5.2.3.4.  Prediction Analysis

   The prediction analysis is performed in one of two ways depending on
   how the pitch estimator classified the frame.  The processing for
   voiced and unvoiced speech is described in Section 5.2.3.4.1 and
   Section 5.2.3.4.2, respectively.  Inputs to this function include the
   pre-whitened signal from the pitch estimator (see Section 5.2.3.2).

5.2.3.4.1.  Voiced Speech

   For a frame of voiced speech, the pitch pulses will remain dominant
   in the pre-whitened input signal.  Further whitening is desirable as
   it leads to higher quality at the same available bitrate.  To achieve
   this, a Long-Term Prediction (LTP) analysis is carried out to
   estimate the coefficients of a fifth-order LTP filter for each of
   four subframes.  The LTP coefficients are quantized using the method
   described in Section 5.2.3.6, and the quantized LTP coefficients are
   used to compute the LTP residual signal.  This LTP residual signal is
   the input to an LPC analysis where the LPC coefficients are estimated
   using Burg's method [BURG], such that the residual energy is
   minimized.  The estimated LPC coefficients are converted to a Line
   Spectral Frequency (LSF) vector and quantized as described in
   Section 5.2.3.5.  After quantization, the quantized LSF vector is
   converted back to LPC coefficients using the full procedure in
   Section 4.2.7.5.  By using quantized LTP coefficients and LPC

RFC6716 - Page 146

   coefficients derived from the quantized LSF coefficients, the encoder
   remains fully synchronized with the decoder.  The quantized LPC and
   LTP coefficients are also used to filter the input signal and measure
   residual energy for each of the four subframes.

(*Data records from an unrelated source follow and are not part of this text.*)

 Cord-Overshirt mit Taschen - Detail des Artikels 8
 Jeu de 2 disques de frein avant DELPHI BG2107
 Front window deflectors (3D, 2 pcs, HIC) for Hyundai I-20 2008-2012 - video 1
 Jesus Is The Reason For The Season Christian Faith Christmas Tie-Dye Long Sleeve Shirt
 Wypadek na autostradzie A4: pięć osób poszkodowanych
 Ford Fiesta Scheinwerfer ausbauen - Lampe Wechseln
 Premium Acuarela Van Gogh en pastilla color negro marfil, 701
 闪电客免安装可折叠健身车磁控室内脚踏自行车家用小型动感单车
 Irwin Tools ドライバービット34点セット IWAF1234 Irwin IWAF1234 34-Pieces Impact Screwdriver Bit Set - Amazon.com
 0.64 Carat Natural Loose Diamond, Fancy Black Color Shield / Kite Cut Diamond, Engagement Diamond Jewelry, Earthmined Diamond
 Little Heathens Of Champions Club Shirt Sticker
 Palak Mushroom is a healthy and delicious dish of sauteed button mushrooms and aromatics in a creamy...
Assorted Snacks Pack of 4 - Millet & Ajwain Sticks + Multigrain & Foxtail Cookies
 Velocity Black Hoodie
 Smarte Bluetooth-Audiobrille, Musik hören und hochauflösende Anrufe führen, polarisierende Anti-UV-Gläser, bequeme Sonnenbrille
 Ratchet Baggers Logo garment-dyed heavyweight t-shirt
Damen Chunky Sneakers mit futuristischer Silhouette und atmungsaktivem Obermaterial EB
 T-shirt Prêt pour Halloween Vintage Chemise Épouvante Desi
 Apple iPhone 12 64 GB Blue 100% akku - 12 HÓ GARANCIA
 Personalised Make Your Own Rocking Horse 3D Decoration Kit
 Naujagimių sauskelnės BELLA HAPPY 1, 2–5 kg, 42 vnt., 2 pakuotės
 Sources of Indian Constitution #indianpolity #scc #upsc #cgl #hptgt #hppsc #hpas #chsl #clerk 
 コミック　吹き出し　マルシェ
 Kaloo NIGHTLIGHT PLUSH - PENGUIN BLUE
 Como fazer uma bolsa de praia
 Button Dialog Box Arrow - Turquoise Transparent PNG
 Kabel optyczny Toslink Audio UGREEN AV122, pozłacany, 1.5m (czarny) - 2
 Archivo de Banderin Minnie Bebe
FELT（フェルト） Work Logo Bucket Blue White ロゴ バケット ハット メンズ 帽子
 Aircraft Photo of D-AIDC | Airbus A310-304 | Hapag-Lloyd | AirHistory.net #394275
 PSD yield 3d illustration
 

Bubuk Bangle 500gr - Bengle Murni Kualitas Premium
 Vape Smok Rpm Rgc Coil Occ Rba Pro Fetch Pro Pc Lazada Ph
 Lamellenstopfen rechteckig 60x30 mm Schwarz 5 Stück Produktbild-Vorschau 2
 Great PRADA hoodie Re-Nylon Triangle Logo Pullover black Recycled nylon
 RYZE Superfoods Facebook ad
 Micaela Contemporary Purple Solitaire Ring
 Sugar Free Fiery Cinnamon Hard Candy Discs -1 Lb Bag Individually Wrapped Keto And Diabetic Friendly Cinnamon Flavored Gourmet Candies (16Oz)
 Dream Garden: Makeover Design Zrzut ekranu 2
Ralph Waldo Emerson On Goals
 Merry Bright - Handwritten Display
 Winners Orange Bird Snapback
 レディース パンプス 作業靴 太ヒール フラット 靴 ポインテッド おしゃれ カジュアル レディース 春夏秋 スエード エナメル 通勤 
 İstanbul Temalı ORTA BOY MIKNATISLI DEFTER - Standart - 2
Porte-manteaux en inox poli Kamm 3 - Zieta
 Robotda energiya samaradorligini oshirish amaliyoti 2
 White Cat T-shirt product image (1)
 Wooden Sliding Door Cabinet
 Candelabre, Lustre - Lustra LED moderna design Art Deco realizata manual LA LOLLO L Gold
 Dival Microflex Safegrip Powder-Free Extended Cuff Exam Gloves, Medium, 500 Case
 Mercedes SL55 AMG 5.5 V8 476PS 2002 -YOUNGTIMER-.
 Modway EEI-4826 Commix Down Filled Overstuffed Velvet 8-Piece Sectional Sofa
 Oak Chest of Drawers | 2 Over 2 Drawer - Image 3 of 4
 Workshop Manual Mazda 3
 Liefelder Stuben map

5.2.3.4.2.  Unvoiced Speech

   For a speech signal that has been classified as unvoiced, there is no
   need for LTP filtering, as it has already been determined that the
   pre-whitened input signal is not periodic enough within the allowed
   pitch period range for LTP analysis to be worth the cost in terms of
   complexity and bitrate.  The pre-whitened input signal is therefore
   discarded, and, instead, the input signal is used for LPC analysis
   using Burg's method.  The resulting LPC coefficients are converted to
   an LSF vector and quantized as described in the following section.
   They are then transformed back to obtain quantized LPC coefficients,
   which are then used to filter the input signal and measure residual
   energy for each of the four subframes.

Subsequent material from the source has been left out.